Wednesday, October 08, 2008

hot metal

We were in IKEA restaurant. We had chips and salad but then Laura wanted a cake and I went to get it for her. She wanted a slice of the chocolate-moussey gateau but an elegant woman in the queue ahead of me - as soon as I spotted her, I thought, uh-oh - grabbed the last piece. So not to come back empty-handed I chose a different cake, I didn't really know what it was but it was lemon cheesecake. It turned out quite well for me because Laura ate half and said The rest is yours. However, I'd only brought one fork with me. I was too lazy to go back to the servery so I thought I might as well re-use the fork I'd eaten my chips with. But it was mucky, it still had ketchup on it. I stuck it in my mouth to suck it clean and then I pulled it straight back out again, because it was hot.

Ouch, I said. Wait a minute, the fork was Hot?? Was I mistaken?

I sucked more attentively - yes, definitely hot. Not the handle, but the other end with the curved tines and shoulder. I made Laura feel it, she laid the back of the fork to her cheek and she agreed, even then it was still pretty warm though cooling down rapidly. I set it back in the empty bowl just where it had been and we stared at it for quite a while. The bowl was stone cold by the way.

Well, there's only so much staring you can do. I picked up the fork, now cold, and finished off the cheesecake. But I was still thinking about it. There was no source of heat anywhere nearby - how could metal heat itself? This must be some weird thing that happened sometimes, though I'd never read about it. Perhaps microwaves, kinetic energy? We threw around phrases we didn't understand. Then we filed it in that convenient category of unexplainable phenomena, "just one of those things".

I was in no doubt about what I'd felt. Later, I had another thought - could there have been a chemical reaction, perhaps between acid in the ketchup and something alkaline in my mouth, that had generated the heat I felt in the metal? No, surely I would have experienced such a reaction in quite a different way - wouldn't it fizz and burn?

Of course you don't believe me. I mean, you politely credit my experience but you naturally suppose there was a ready-to-hand quotidian explanation. A few days later (I was still bothered about it) I began to think like this myself. Was there really no source of heat anywhere nearby? Well of course there was. When I bought the cake I also bought myself a cup of tea. I had discounted this cup of tea at the time. I was perfectly certain that the fork had never come anywhere near the tea. But now, on a workday morning thirty miles away, I thought heretically. Wasn't the heat I experienced exactly like what I'd feel if the end of the fork had just been plunged in very hot water? And hadn't there been, in fact, a cup of very hot water sitting there on the tray right in front of me? Ah - but I "don't remember" doing anything of the sort? But I am "perfectly certain" I would never ever plunge a mucky fork in my nice fresh cup of tea? Bah - how weak these objections sounded now...

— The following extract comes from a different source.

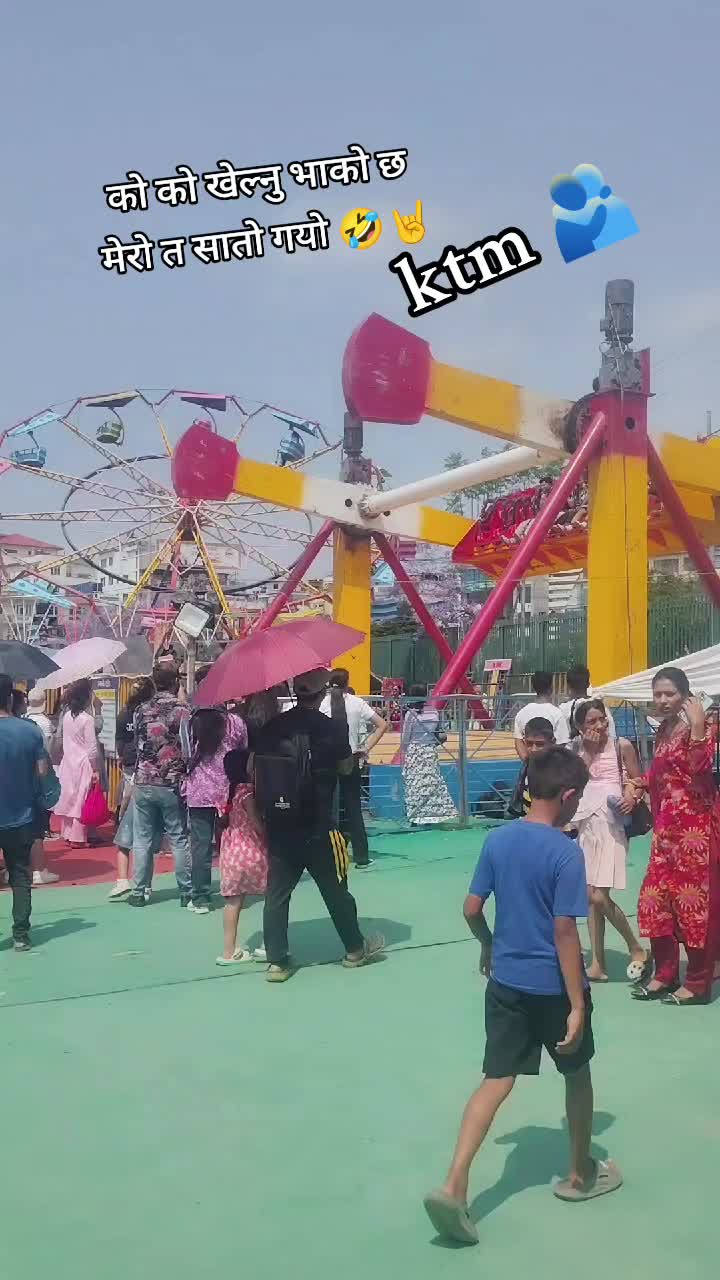 @🥷डल्लि 🥷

You remember Hume's argument against miracles. No account of a miracle can ever be countenanced. Miracles by definition are not susceptible of naturalistic explanation and are incredibly rare. It is therefore always more likely that the narrator is in error than that a miracle occurred.

A curious consequence of this argument is that, if a miracle (or, let us say rather, a rare and incomprehensible event) ever does occur, then it will go unremarked.

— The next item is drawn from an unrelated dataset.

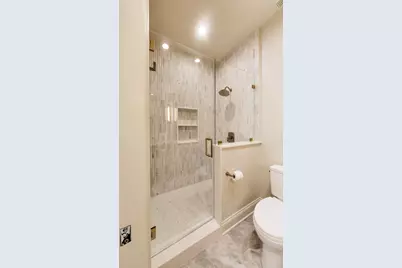 45 E Division Street, Chicago, IL 60610 - Photo 39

The witnesses themselves, if they are thoughtful and rational beings, will discount their own witness. With the passing of only a little time, the fabric of everyday experience will knit itself together again. They must have been mistaken.

Or if the witnesses refuse to be thoughtful and rational beings, but on the contrary are wilful and hysterical egotists who insist on the primacy of their oh-so-special experience, they will soon grow tired of asserting what no-one can ever be persuaded to believe, and what, in the absence of a naturalistic explanation, they never can defend. The memory of the miracle dwindles until it becomes "just one of those things". I think in my life I may have experienced quite a few such phenomena, some of them more dramatic than hot cutlery; yes, I did think so, but the memories are vague. Did I dream them? Does it matter?

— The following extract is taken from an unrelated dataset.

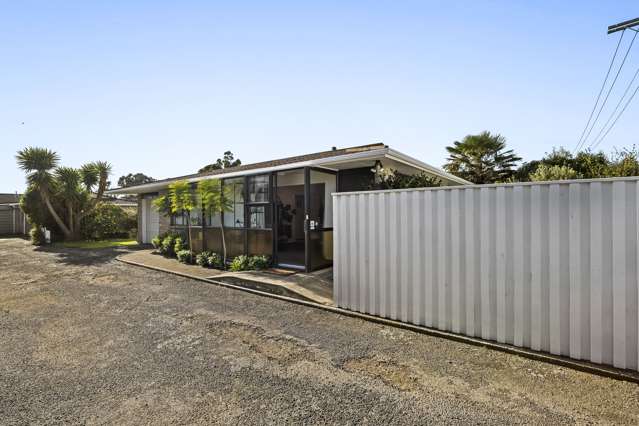 5A Clemow Road Fitzroy_4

Until these rare events become open to public scrutiny they remain outside scientific discourse. We can fancifully imagine "seers", people who have access to a range of phenomena unknown to our science, but we do not imagine them as merely witnesses, we have to imagine them also as having an understanding of their experience, that is, as possessors of their own "science", an "explanation", though a mystical one to our eyes. Their science, like ours, proceeds stepwise; what it is not ready for, it cannot yet see. Of course many types of rare and inexplicable events probably do occur, it would be arrogant to suppose otherwise, but there's nothing to say about them.

1 Comments:

At 12:35 am, Blogger Vincent said...

This is so well put! I have nothing to add but agreement. Well maybe one little thing: that science by its own strict method leaves space for singular events to pass unremarked. For unless its observations and experiments are repeatable, they are given no credence.

Something which happens once only drops through, because even in ordinary life, we only grant reality to regular occurrences.